Use the readiness endpoint for ALB health checks — the same check that Kubernetes uses. This ensures the ALB only routes traffic to pods that Kubernetes also considers ready.

CloudWatch Container Insights

Enable Container Insights to get cluster, node, and pod metrics in CloudWatch automatically:

aws eks update-addon \
  --cluster-name prod \
  --addon-name amazon-cloudwatch-observability \
  --addon-version v1.7.0-eksbuild.1

Key metrics to alarm on:

pod_number_of_running_pods — alert when running pods drop below your desired replica count.
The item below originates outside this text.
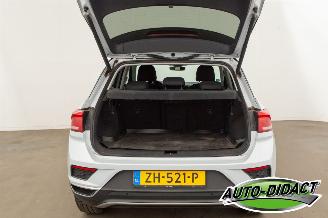 Volkswagen T-Roc 2.0 TDI Automaat Clima Navi Style Business picture 34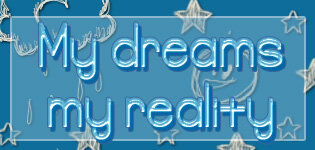 Dreams are my reality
Indicates crash-looping or failed rollout.
node_cpu_utilization / node_memory_utilization — node pressure that causes pod evictions and OOMKill events.
pod_cpu_utilization_over_pod_limit — pods exceeding their CPU requests, which causes throttling and latency spikes.

aws cloudwatch put-metric-alarm \
  --alarm-name "eks-running-pods-below-desired" \
  --namespace "ContainerInsights" \
  --metric-name pod_number_of_running_pods \
  --dimensions Name=ClusterName,Value=prod Name=Namespace,Value=default \
  --statistic Average \
  --period 60 \
  --evaluation-periods 3 \
  --threshold 2 \
  --comparison-operator LessThanThreshold \
  --alarm-actions arn:aws:sns:us-east-1:123:alerts

Detecting issues before Kubernetes does

Kubernetes health checks are optimised for container management — they're not designed to detect slow degradation, rising error rates, or partial failures that don't trigger a pod restart.

Pair your EKS health checks with:

External uptime monitor— makes real HTTP requests to your ALB or CloudFront endpoint every 60 seconds, independent of cluster state. Catches DNS and network-level issues the cluster can't see.
ALB 5xx alarm— catches application errors that pods are serving successfully (from Kubernetes' perspective) but are wrong for users.
P99 latency alarm — rising tail latency precedes pod crashes. Alarm onTargetResponseTime p99 > 2s on your ALB target group.

Publishing EKS health externally

When your EKS cluster has an incident — a deployment goes wrong, a node group runs out of capacity, a pod starts crash-looping — your users are affected immediately. Without a status page, they have no way to know whether to wait or contact support.

Add your public ALB or CloudFront URL to PulseRadar as a monitor. When the external check fails three consecutive times, an incident is automatically opened, your team is alerted, and a public status page shows the impact — giving users a self-serve answer and reducing support ticket volume during outages.

EKS health check checklist

Separate /live, /ready, and /health endpoints.
Liveness probe checking process health only (no external dependencies).
Readiness probe checking real dependencies (DB, cache, required APIs).
Startup probe for any service that takes more than 15s to boot.
ALB Ingress annotations aligned with readiness probe path and thresholds.
Container Insights enabled for cluster-level pod count and resource alarms.
External uptime monitor hitting the public ALB/CloudFront URL.
Public status page for user-facing incident communication.

Kubernetes is self-healing by design — but only for failures it can detect. The combination of well-configured probes, cluster-level monitoring, and external uptime checks means you catch problems at every layer, not just the ones the kubelet can see.